The warmth of her hand, the fierce loyalty in her eyes-it was the first kindness I had felt in what seemed like a lifetime. My own eyes burned with unshed tears. The road ahead was dangerous and uncertain. I couldn't ask her to share that burden.

But looking at her determined face, I knew I couldn't refuse her either.

I gave a single, sharp nod, and took her bundle.

Without another word, Faye moved with practiced efficiency, helping me adjust the straps holding Ellum, making sure he was secure and as comfortable as possible. We shared a look, a silent promise in the dark, and then slipped out of the cabin.

Faye knew the pack lands better than anyone. She led me away from the main paths, onto an old, overgrown hunter's trail that snaked through the dense woods. The journey was treacherous-the ground slick with mud, tangled roots grabbing at my ankles with every step. Every snapped twig sounded like a gunshot. Every rustle of leaves was a guard's hand reaching for us. My heart didn't just race-it thundered, a desperate, primal rhythm that screamed: run, run, run. If we were caught now, there would be no second chances. Asher's pride would not survive a second rejection. He would lock us away. He would make sure I never saw the sky again. But I would die before I let that happen. Ellum would not grow up in a cage. Not while I still had breath in my lungs. I stumbled more than once, the weight of my brother threatening to pull me down, but each time Faye's steady hand was there to catch me.

We reached the edge of the territory just as the first pale light of dawn began to bleed across the horizon. Before us lay a small, sleepy town that served as a buffer between the pack lands and the human world.

There was a pawn shop on the main street, its windows dusty and dark. I didn't hesitate.

The owner was a portly man with greedy eyes that lit up when he saw the jade pendant. He knew it was valuable. He tried to lowball me, offering a pittance.

But a strange calm had settled over me. I remembered conversations I'd overheard-my mother teaching a visiting merchant about the clarity and color of good jade. I repeated her words, pointing out the flawlessness of the stone, the mastery of the carving.

My unexpected knowledge and unwavering composure seemed to startle him. He grumbled, but his next offer was three times the first. It was a fair price. I took it.

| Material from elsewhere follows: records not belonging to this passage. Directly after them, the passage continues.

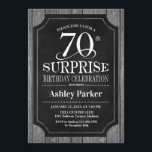 サプライズ70th誕生日パーティー – Chalkboard White 招待状<br><div class="desc">サプライズ素朴70th誕生祝い招待状。黒エレガント、白、灰色の木柄の上品なデザイン。機能スクエレガントリプトフォントメッセージもしメッセージのカスタマイズが必要</div>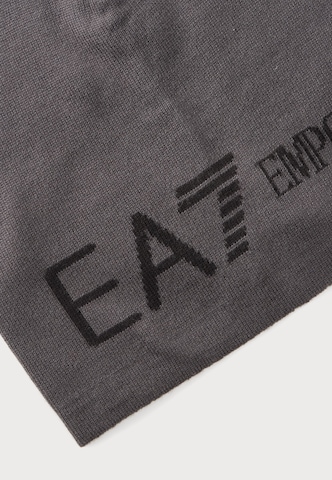 Berretto di EA7 Emporio Armani in grigio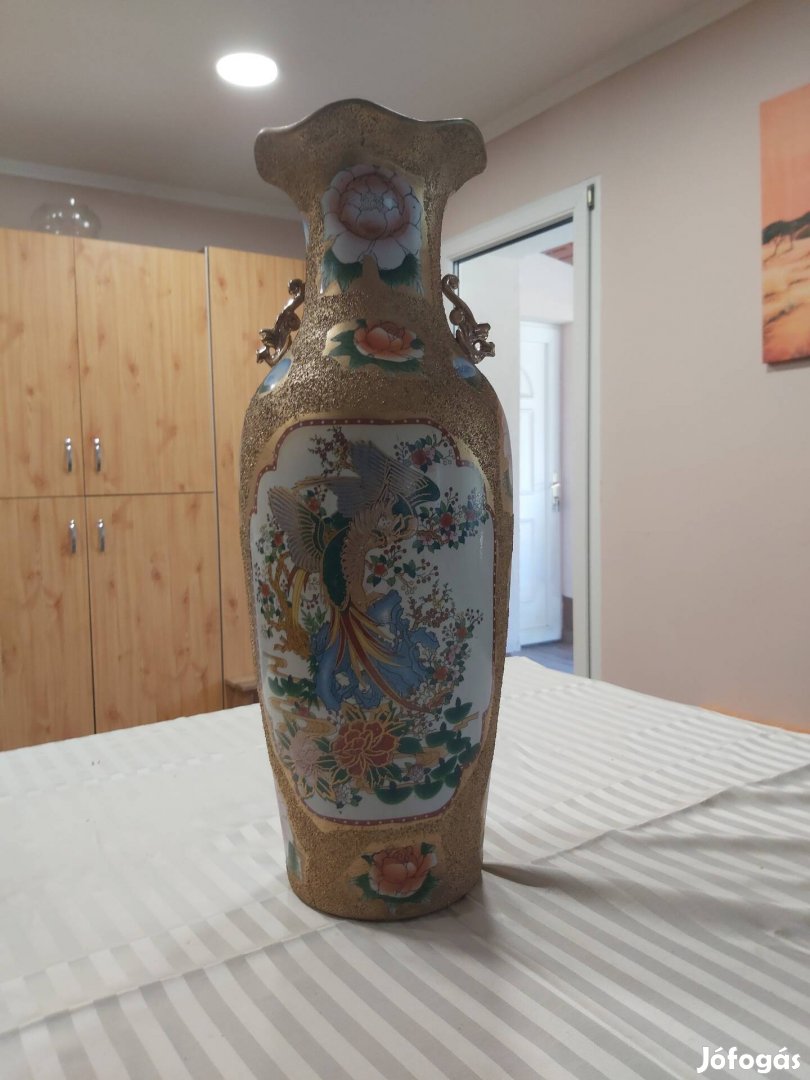 80 cm-es nagy kézzel festett kínai váza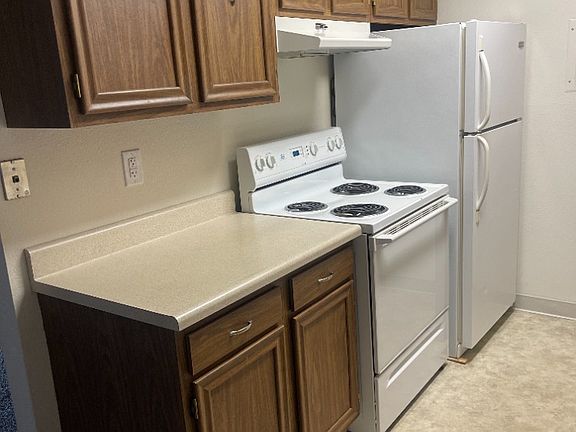 3rd image of 28 Amherst Ave APT 2-C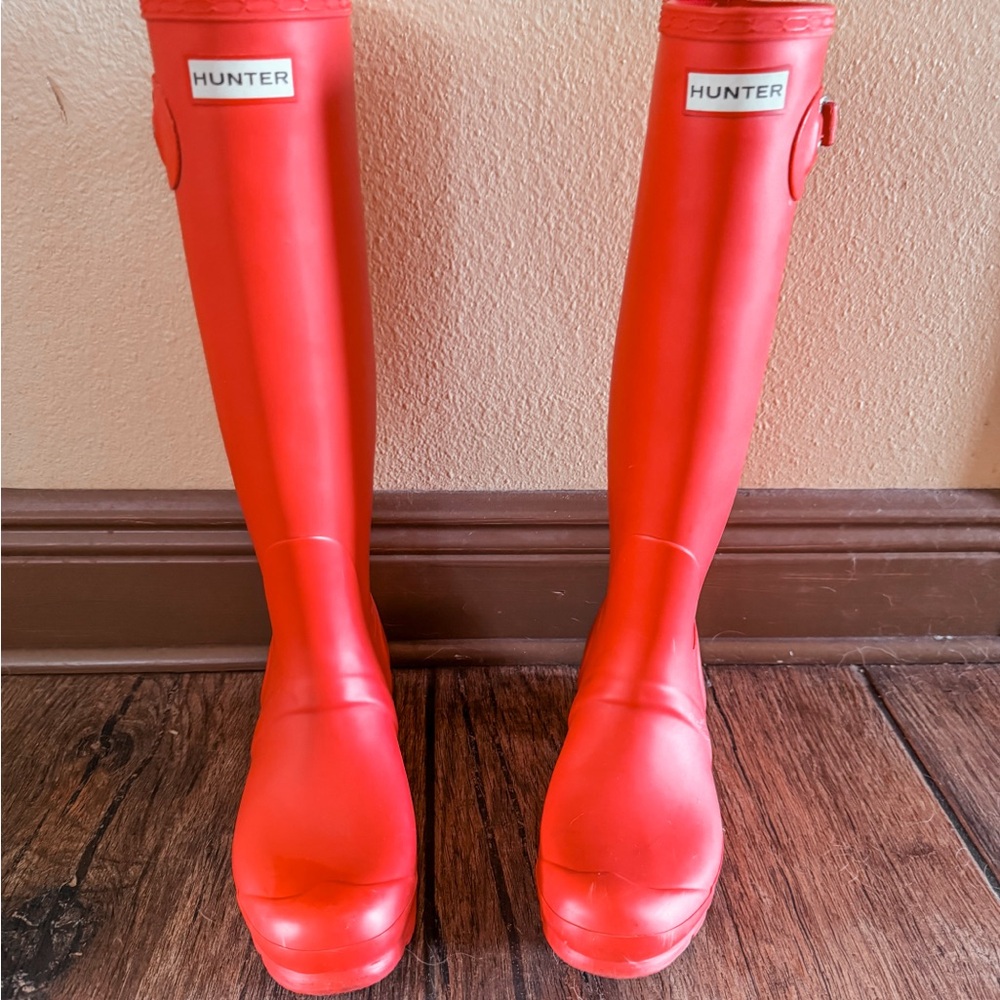 Beautiful Tall Hunter Rain Boots!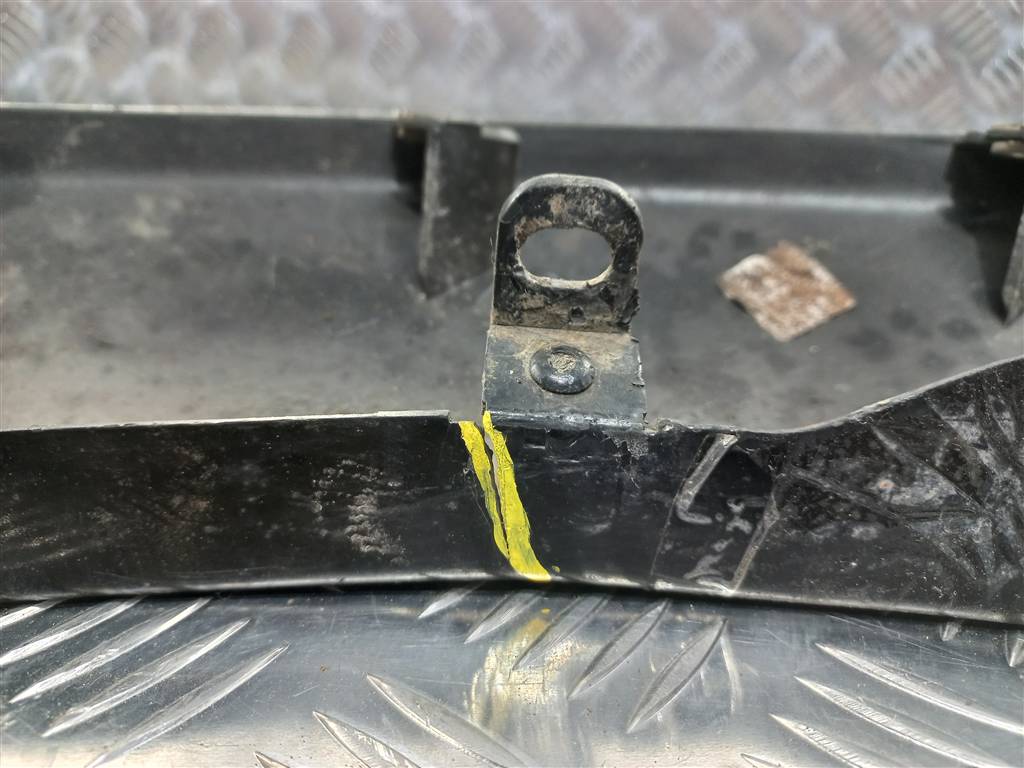 накладка крыла заднего LAND ROVER DISCOVERY  DFK000045, 1550 рублей, Москва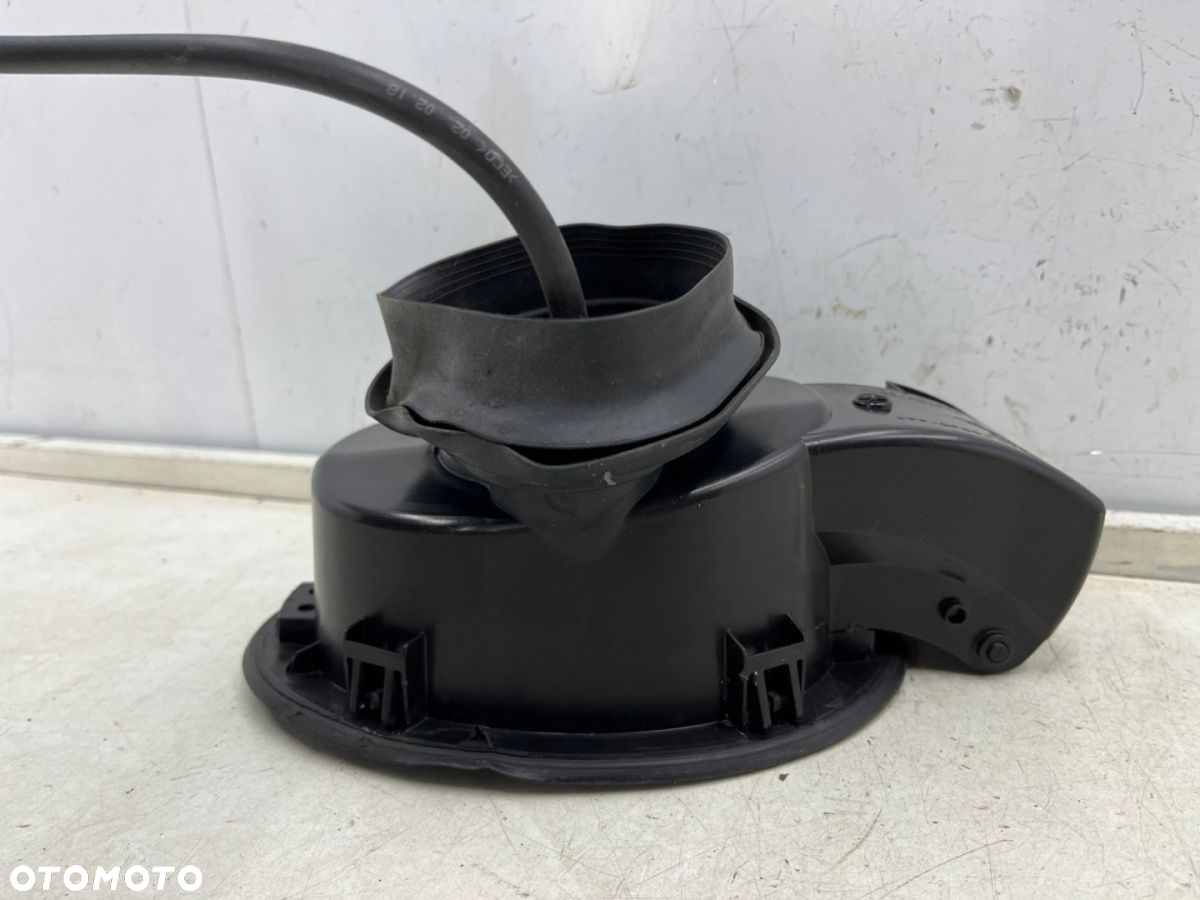 Klapka wlewu paliwa Ford Fiesta VII MK8 17-22r. nie przebita h1bb-a27936 - 6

With a pouch heavy with coins, we moved quickly. I bought a sturdy, if old, carriage and a tired-looking horse. We stocked up on blankets, water, and more food. Faye helped me settle Ellum into the back of the carriage, making a small nest for him among the blankets.

I took the reins myself.

As the first rays of sun crested the hills, our small carriage rattled onto the main road leading away from the town, away from Blackwood, away from the only life I had ever known.

I glanced back at Faye. Her face was a mixture of fear and exhilaration. I knew mine must look the same.

In the back, Ellum stirred, letting out a soft moan. I reached back and took his small, hot hand in mine.

"It's okay, Ellum," I whispered, my voice thick with a promise that was also a prayer. "I've got you. We're never going back there again."